* **Problem to work on**:
Transcribe exactly the line with "Elman Surgeatron is" and each line that follows it in the listing, down to the last, omitting all pictures.

* **Dataset excerpt**:

+-------+

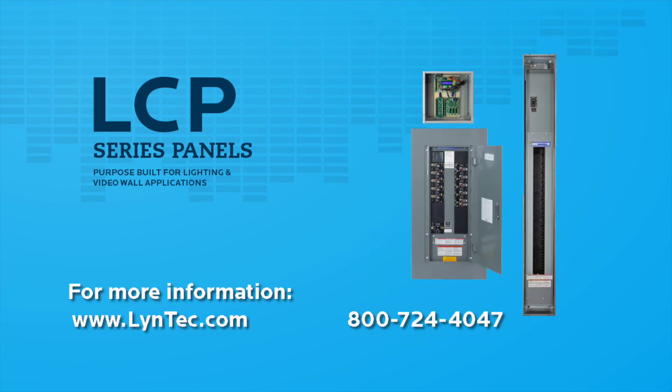Thank you very much for watching this short video covering Lintec's new LCP Series. As we've discussed, the LCP Series comes with new networkable control protocol options, is based on the Square D PowerLink hardware platform, and has an external enclosure for simplified installations.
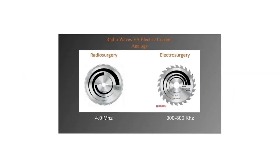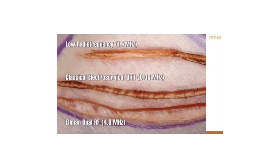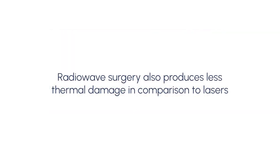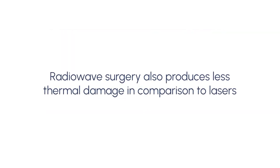Elman Surgeatron is different from these machines in that it generates a lot less heat, therefore there is less chance of scarring and faster healing time. Radio wave surgery also produces less thermal damage in comparison to lasers.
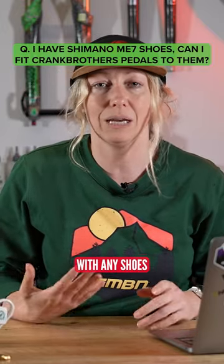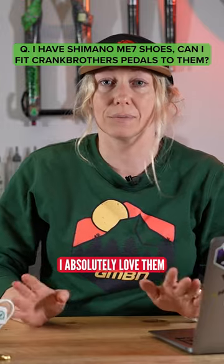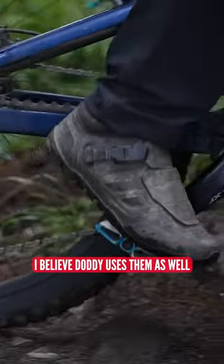You can use Crank Brothers pedals with any shoes, as far as I'm aware. I do have ME7s — I absolutely love them, they're my go-to shoe. I believe Doddy uses them as well.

+-------+

* **Result of this task**:
Elman Surgeatron is different from these machines in that it generates a lot less heat, therefore there is less chance of scarring and faster healing time. Radio wave surgery also produces less thermal damage in comparison to lasers.
You can use Crank Brothers pedals with any shoes, as far as I'm aware. I do have ME7s — I absolutely love them, they're my go-to shoe. I believe Doddy uses them as well.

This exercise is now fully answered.